Con il federalismo fiscale non ci sarà una nuova tassa per finanziare le competenze dei Comuni e delle Province, e dunque neanche una tassa sugli immobili. L’autonomia impositiva per i sindaci sarà garantita da compartecipazioni a tributi erariali, da addizionali e da tributi erariali che vedranno cambiata la loro finalità a favore dei Comuni. Lo spiega il ministro per la Semplificazione normativa, Roberto Calderoli, in una conferenza stampa dopo il via libera preliminare del Cdm al ddl.

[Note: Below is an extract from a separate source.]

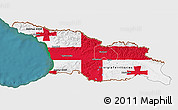 Flag 3D Map of Georgia, single color outside, satellite sea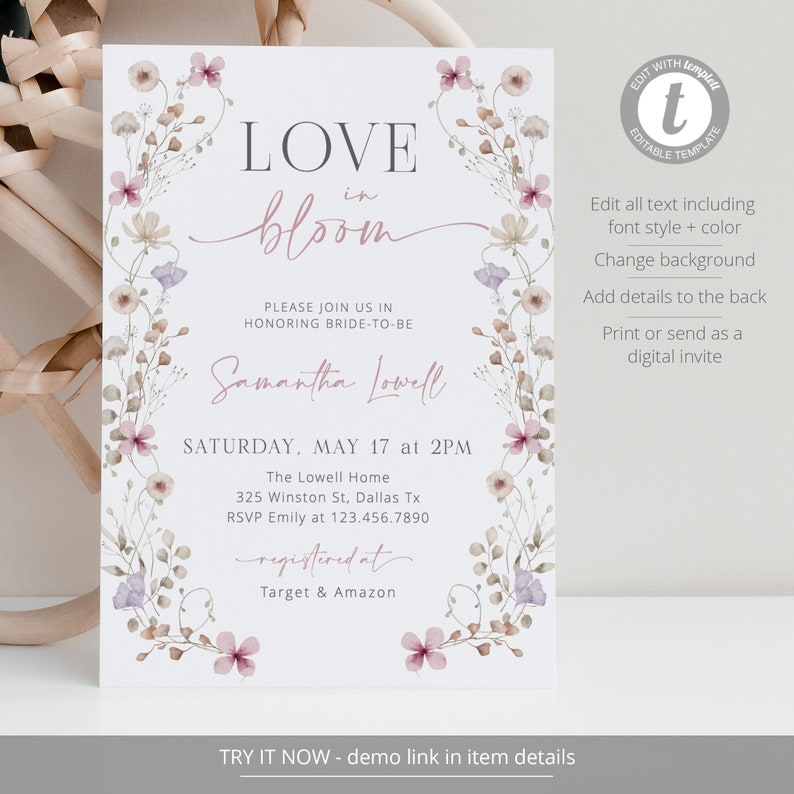 May include: A floral wedding invitation with the text "LOVE in bloom" and the bride-to-be's name, Samantha Lowell. The invitation is decorated with pink and purple flowers and greenery. The text "SATURDAY, MAY 17 at 2PM" is also included, along with the location and RSVP information. The invitation also includes the text "registered at Target & Amazon".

"Ho convinto gli altri membri del governo che non dovrà esserci alcuna nuova tassa", spiega Calderoli. La previsione di una ‘service tax’ che "era una tassa sostitutiva di altre tasse", osserva il ministro leghista, "è stata interpretata come una tassa aggiuntiva", e allora "ho convinto gli altri che era meglio non ci fosse nessuna nuova tassa". L’autonomia impositiva dei Comuni sarà comunque garantita "da strumenti diversi: compartecipazioni, addizionali oppure tributi erariali che saranno finalizzati agli enti locali". Calderoli non indica quali: "Prima dobbiamo quantificare le spese per le competenze, poi ci regoleremo di conseguenza".

Il ministro assicura comunque che gli Enti locali avranno margini di manovra per variare la pressione fiscale sui propri cittadini: "Sulla compartecipazione ovviamente non c’è margine, ma c’è flessibilità sulle addizionali e sui tributi che saranno finalizzati a loro". Confermata anche la possibilità di tasse di scopo per Comuni e Province "per finanziare funzioni in più rispetto a quelle essenziali".